I'm using Kafka producer and reading this records from a file to simulate live data. Data is sorted by date.
So, to check if my pattern is fulfilled I need to process records in order. The thing is, due to parallelization (bolt replication) I don't get check-ins of user in order. Because of that patterns won't work.
How to overcome this problem? How to process records in order?
There is no general system support for ordered processing in Storm. Either you use a different system that supports ordered steam processing like Apache Flink (Disclaimer, I am a committer at Flink) or you need to take care of it in your bolt code by yourself.
The only support Storm delivers is using Trident. You can put tuples of a certain time period (for example one minute) into a single batch. Thus, you can process all tuples within a minute at once. However, this only works if your use case allows for it because you cannot related tuples from different batches to each other. In your case, this would only be the case, if you know that there are points in time, in which all users have reached their destination (and no other use started a new interaction); ie, you need points in time in which no overlap of any two users occurs. (It seems to me, that your use-case cannot fulfill this requirement).
For non-system, ie, customized user-code based solution, there would be two approaches:
You could for example buffer up tuples and sort on time stamp within a bolt before processing.

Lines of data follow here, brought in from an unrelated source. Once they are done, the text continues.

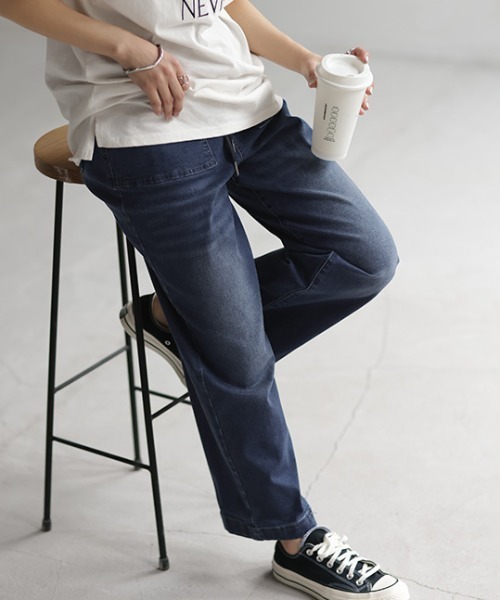 HUG.U（ハグユー）の「選べる裏地デニム（デニムパンツ・レディース・インディゴブルー/ダークインディゴブルー/ライトインディゴブルー/ブルー系その他/ライトブルー/ブルー系その他2・M(レギュラー丈)/M(トール丈)/L(レギュラー丈)/L(トール丈)）」の22枚目の写真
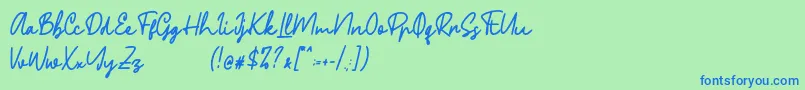 Phillips Font – Blue Fonts on Green Background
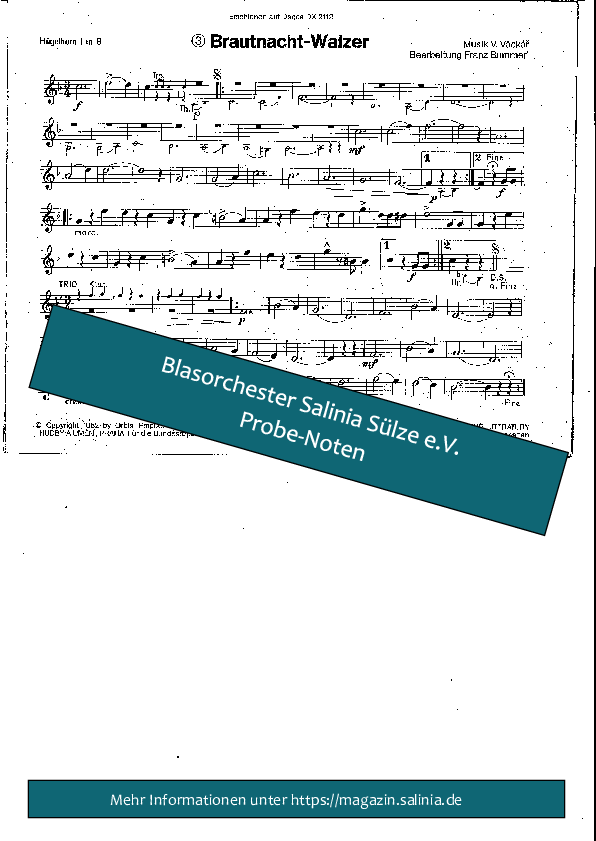 Brautnacht-Walzer Flügelhorn Blasorchesternoten Vorschau
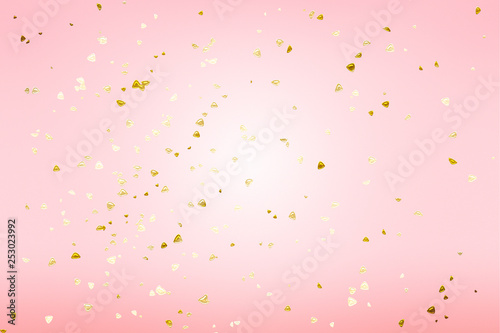 Golden shiny confetti on pink background in modern style. Sparkles shape on romantic wallpaper decor. Happy birthday invitation poster background.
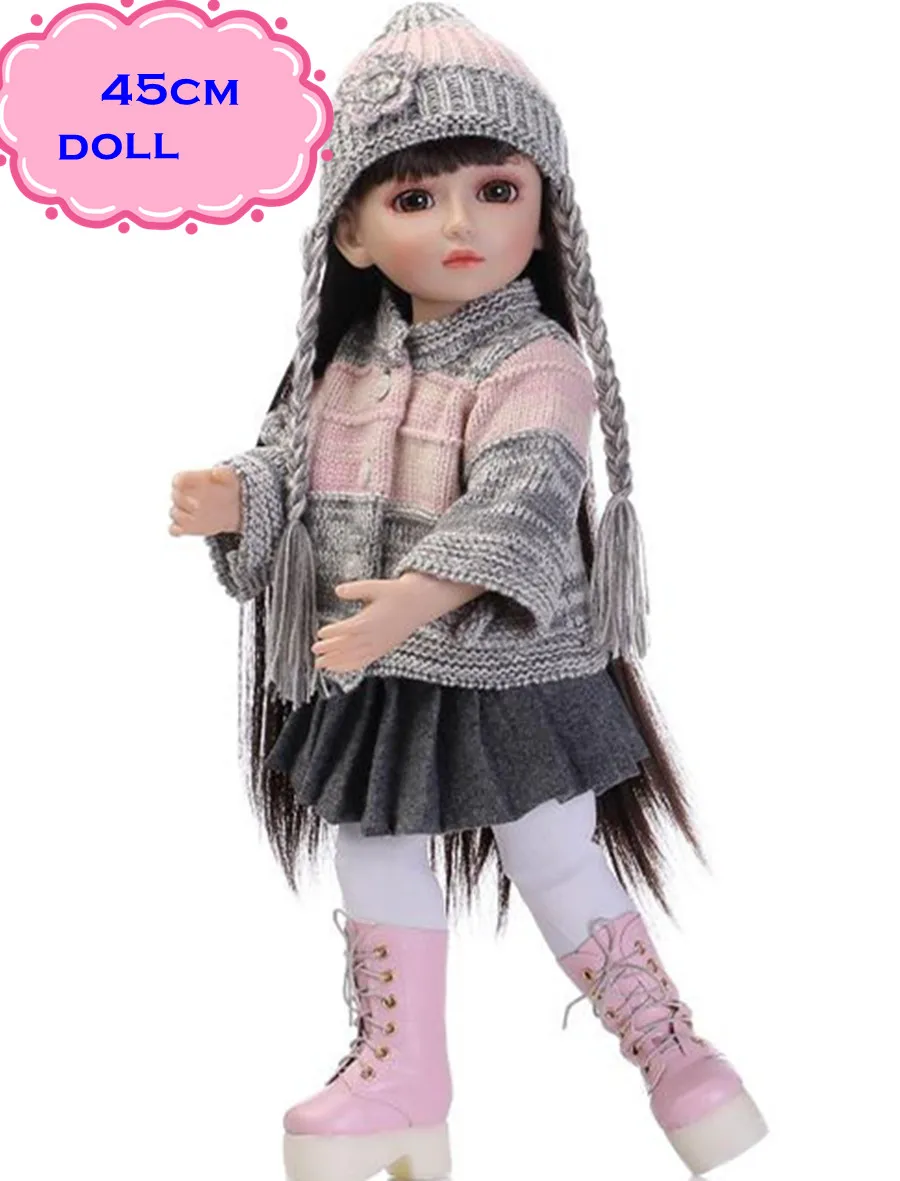 Новая мода стиль NPK Reborny SD/BJD кукла игрушки с полной силиконовая, виниловая Кукла тело в зимней одежде около 18 дюймов куклы для девочек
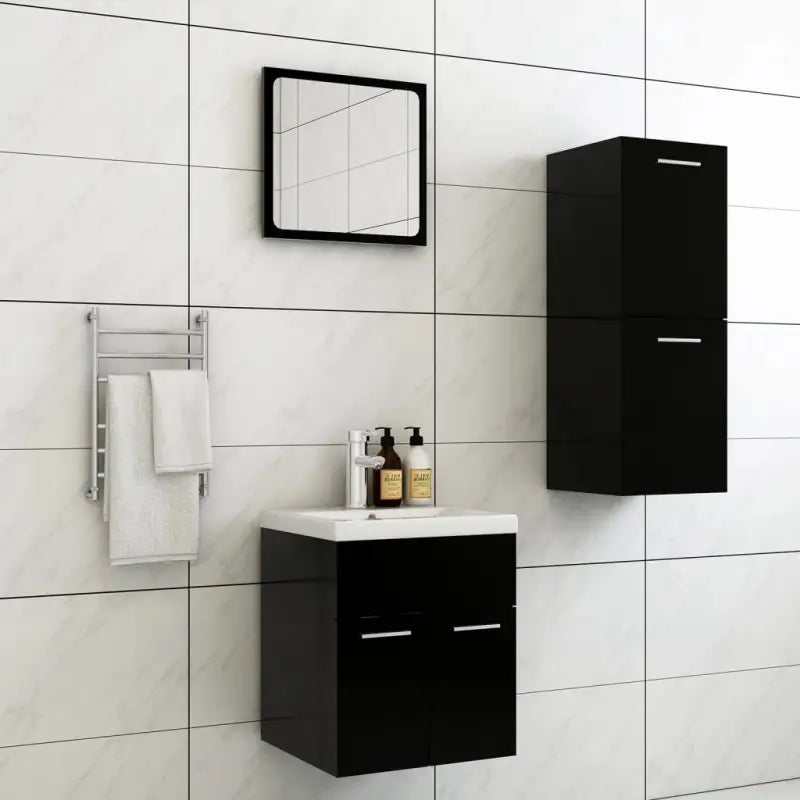 Lage kast badkamermeubelset met strak ontwerp en extra opbergruimte - Zwart / 41 x 38.5 x 46 cm - Badkamermeubelsets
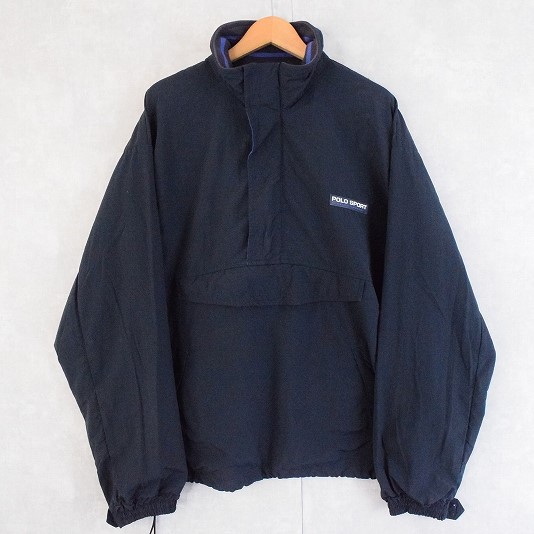 90's POLO SPORT Ralph Lauren ハーフジップ ナイロンプルオーバージャケット NAVY L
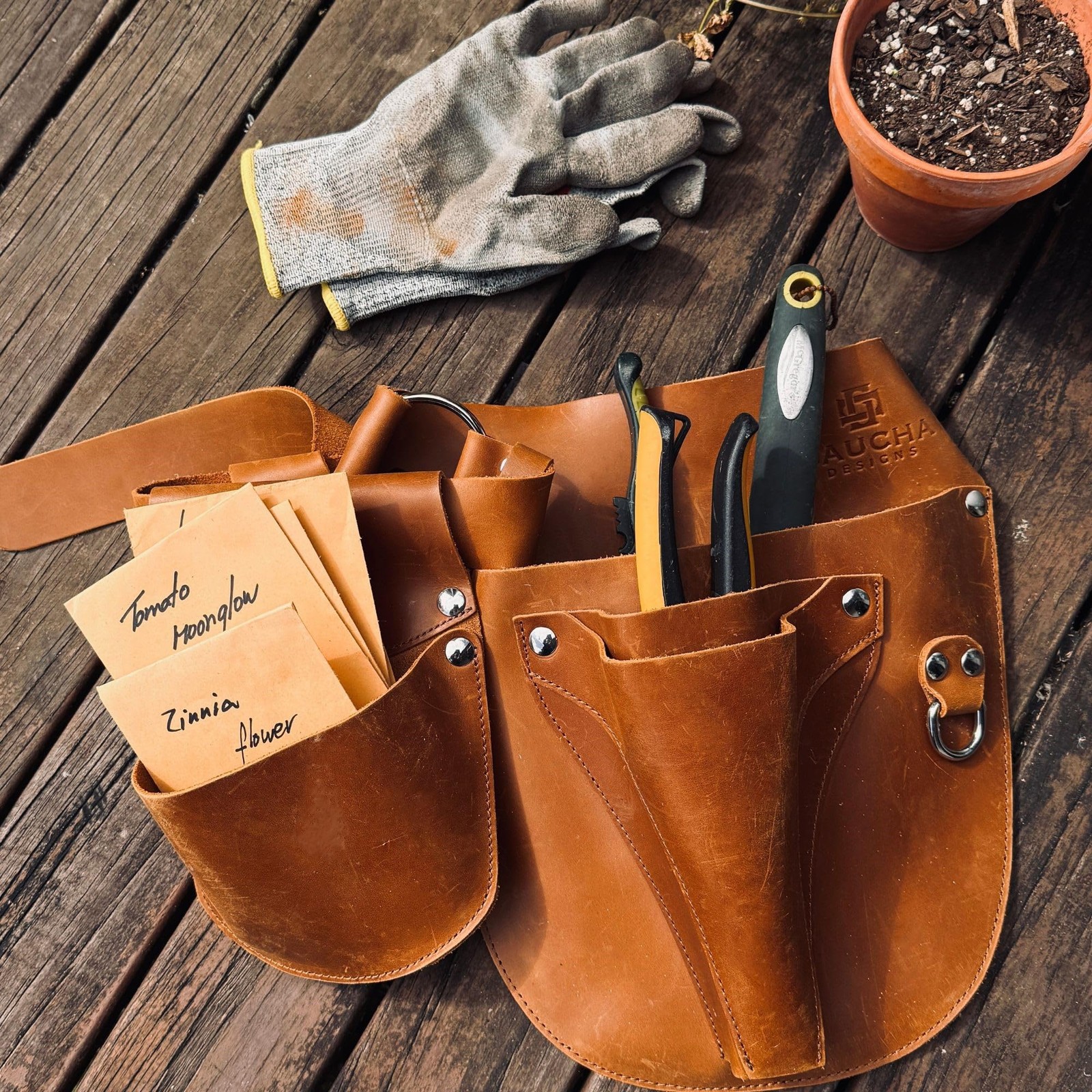 Leather Garden Tool Belt – Gardening gifts for women- Utility belt – Garden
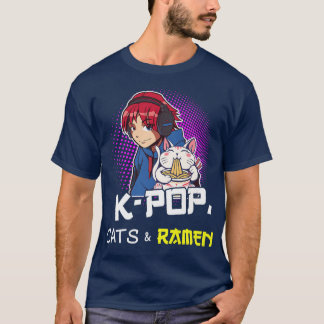 KPop Ramen Lover Cat Lover Korean Pop Music T-Shirt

To make this work properly, you need to inject punctuations/watermarks that ensure that no tuple with larger timestamp than the punctuation comes after a punctuation. If you received a punctuation from each parallel input substream you can safely trigger sorting and processing.
Another way would be to buffer tuples per incoming substream in district buffers (within a substream order is preserved) and merge the tuples from the buffers in order. This has the advantage that sorting is avoided. However, you need to ensure that each operator emits tuples ordered. Furthermore, to avoid blocking (ie, if no input is available for a substream) punctuations might be needed, too. (I implemented this approach. Feel free to use the code or adapt it to your needs: https://github.com/mjsax/aeolus/blob/master/queries/utils/src/main/java/de/hub/cs/dbis/aeolus/utils/TimestampMerger.java)
Storm supports this use case. For this you just have to ensure that order is maintained throughout your flow in all the involved components. So as first step, in Kafka producer, all the messages for a particular user id should go to the same partition in Kafka. For this you can implement a custom Partitioner in your KafkaProducer. Please refer to the link here for implementation details.
Since a partition in Kafka can be read by one and only one kafkaSpout instance in Storm, the messages in that partition come in order in the spout instance. Thereby ensuring that all the messages of the same user id arrive to the same spout.
Now comes the tricky part - to maintain order in bolt, you want to ensure that you use field grouping on bolt based on "user_id" field emitted from the Kafka spout. A provided kafkaSpout does not break the message to emit field, you would have to override the kafkaSpout to read the message and emit a "user_id" field from the spout. One way of doing so is to have an intermediate bolt which reads the message from the Kafkaspout and emits a stream with "user_id" field.
When finally you specify a bolt with field grouping on "user_id", all messages of a particular user_id value would go to the same instance of the bolt, whatever be the degree of parallelism of the bolt.
A sample topology which work for your case could be as follow -
builder.setSpout("KafkaSpout", Kafkaspout);
builder.setBolt("FieldsEmitterBolt", FieldsEmitterBolt).shuffleGrouping("KafkaSpout");
builder.setBolt("CalculatorBolt", CalculatorBolt).fieldsGrouping("FieldsEmitterBolt", new Fields("user_id")); //user_id field emitted by Bolt2
--Beware, there could be case when all the user_id values come to the same CalculatorBolt instance if you have limited number of user_ids. This in turn would decrease the effective 'parallelism'!